• Exercise details: Exactly reproduce the lines of the listing below from the one containing "智利帕伊恩山脈夜景 壁紙 —" through the one containing "Iceland waving flag in beautiful sky.". Skip the images.

• Provided information:
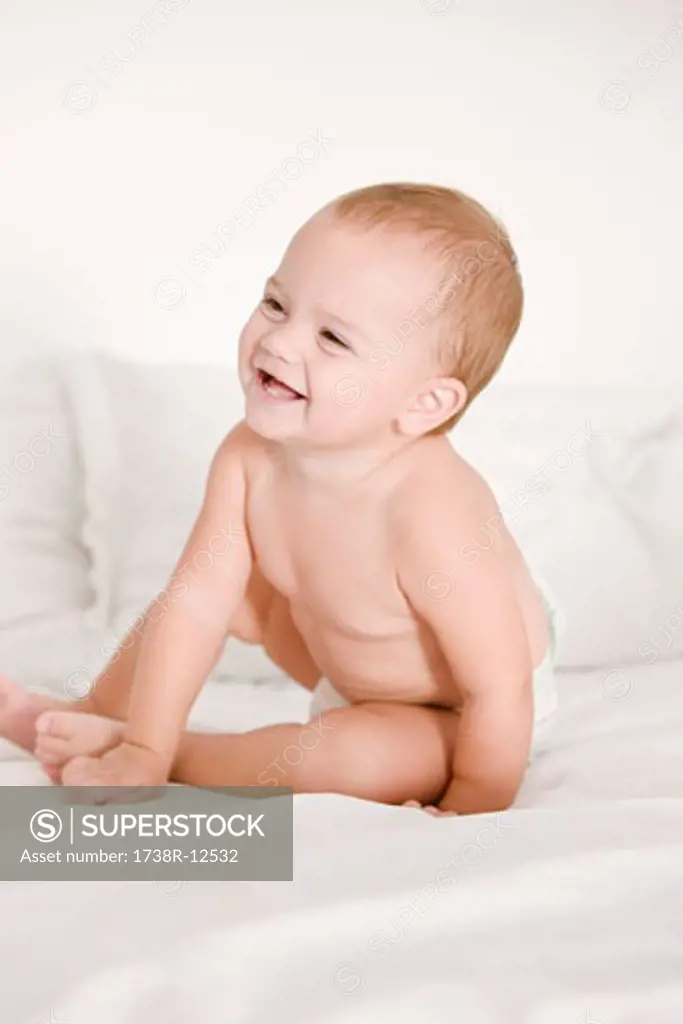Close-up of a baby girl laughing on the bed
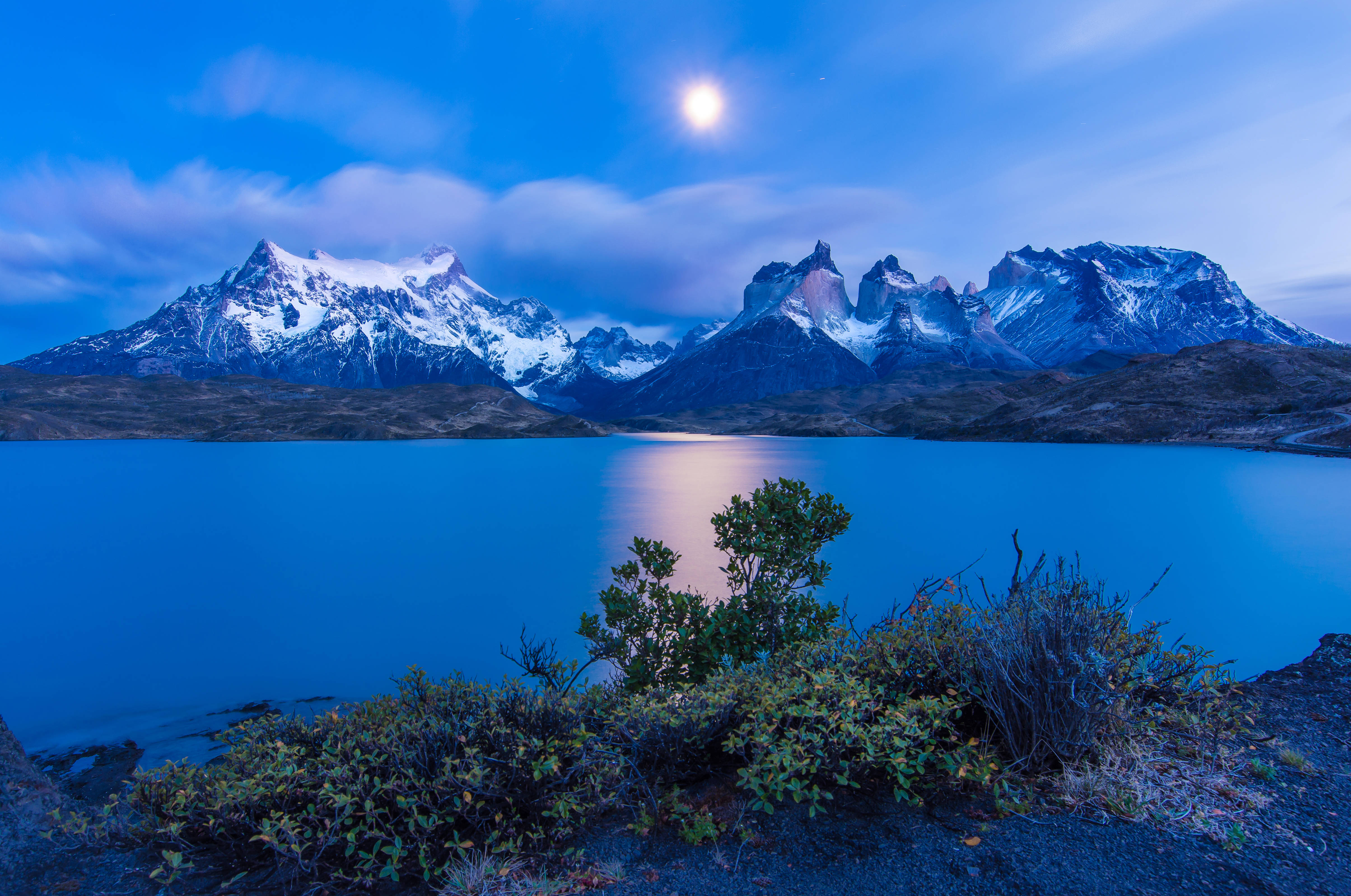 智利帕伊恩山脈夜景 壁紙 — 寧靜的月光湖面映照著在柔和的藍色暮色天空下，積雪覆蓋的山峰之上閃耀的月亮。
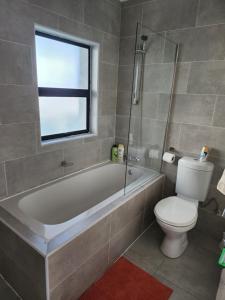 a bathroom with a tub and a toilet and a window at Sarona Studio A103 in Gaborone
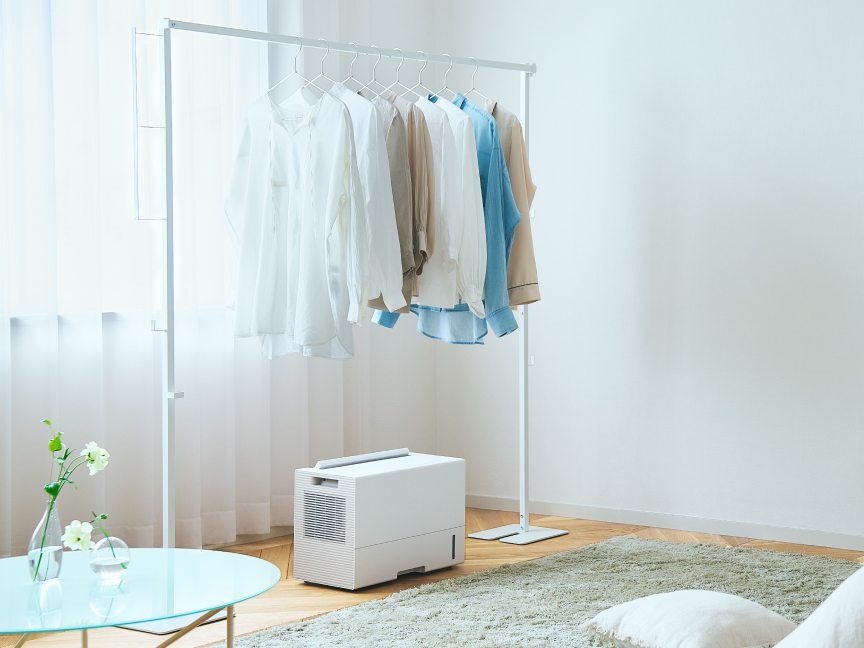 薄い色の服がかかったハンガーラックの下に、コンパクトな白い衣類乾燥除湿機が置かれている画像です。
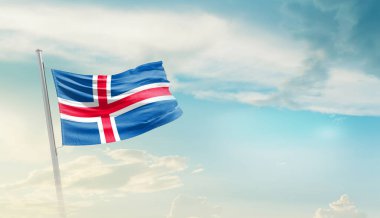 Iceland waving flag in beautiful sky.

...

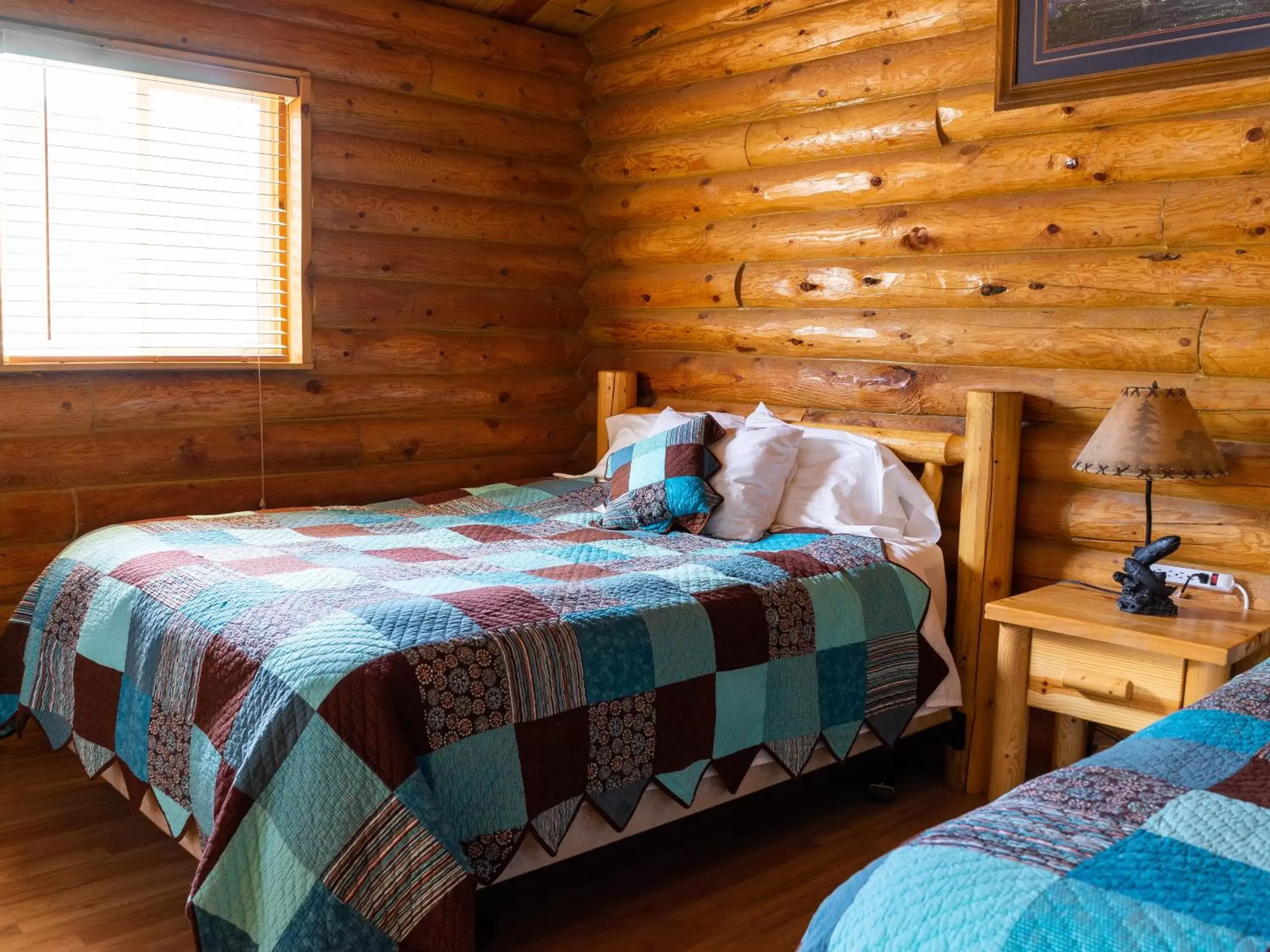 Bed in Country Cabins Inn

...

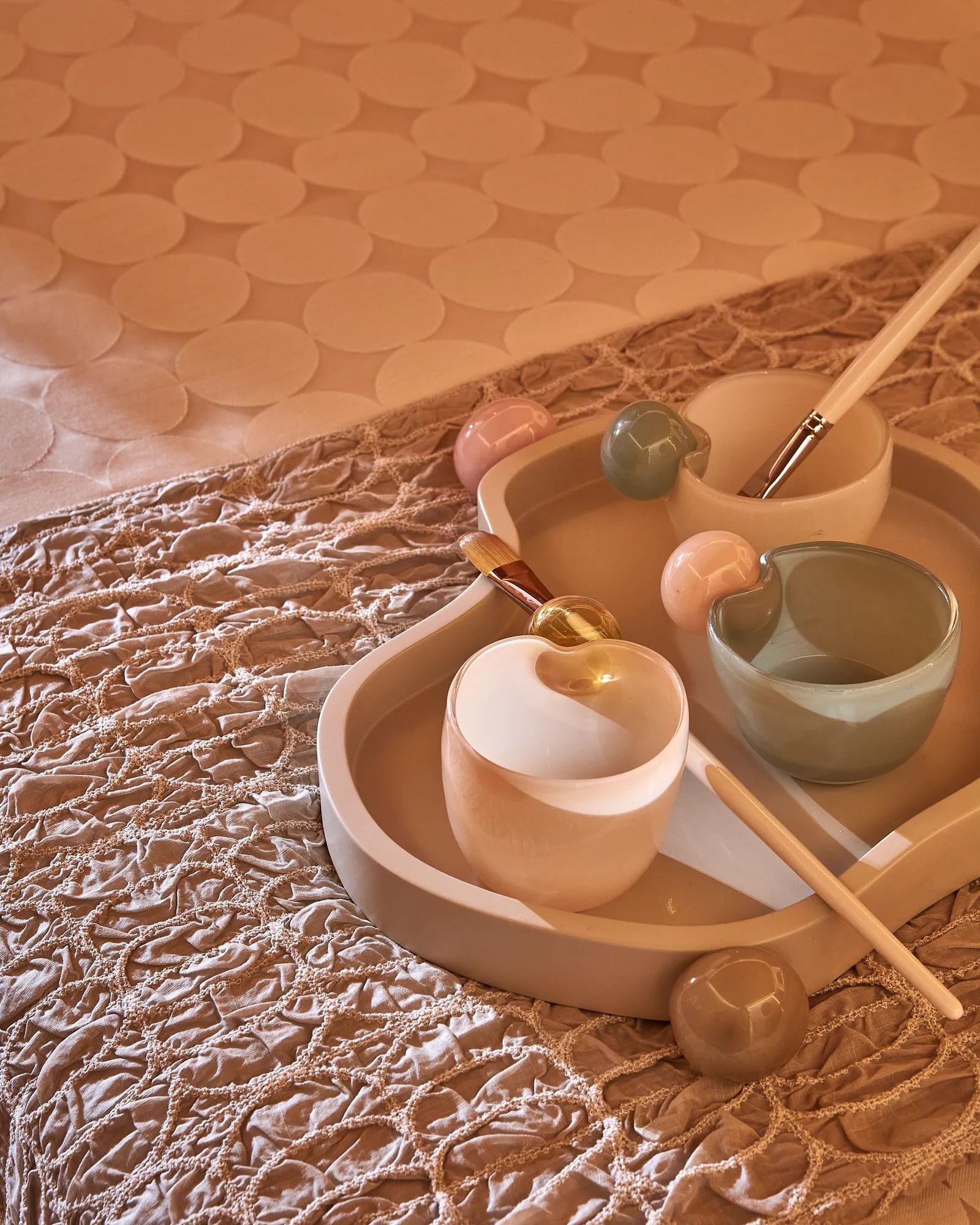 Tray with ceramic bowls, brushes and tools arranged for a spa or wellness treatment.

• Result for this task:
 智利帕伊恩山脈夜景 壁紙 — 寧靜的月光湖面映照著在柔和的藍色暮色天空下，積雪覆蓋的山峰之上閃耀的月亮。
 a bathroom with a tub and a toilet and a window at Sarona Studio A103 in Gaborone
 薄い色の服がかかったハンガーラックの下に、コンパクトな白い衣類乾燥除湿機が置かれている画像です。
 Iceland waving flag in beautiful sky.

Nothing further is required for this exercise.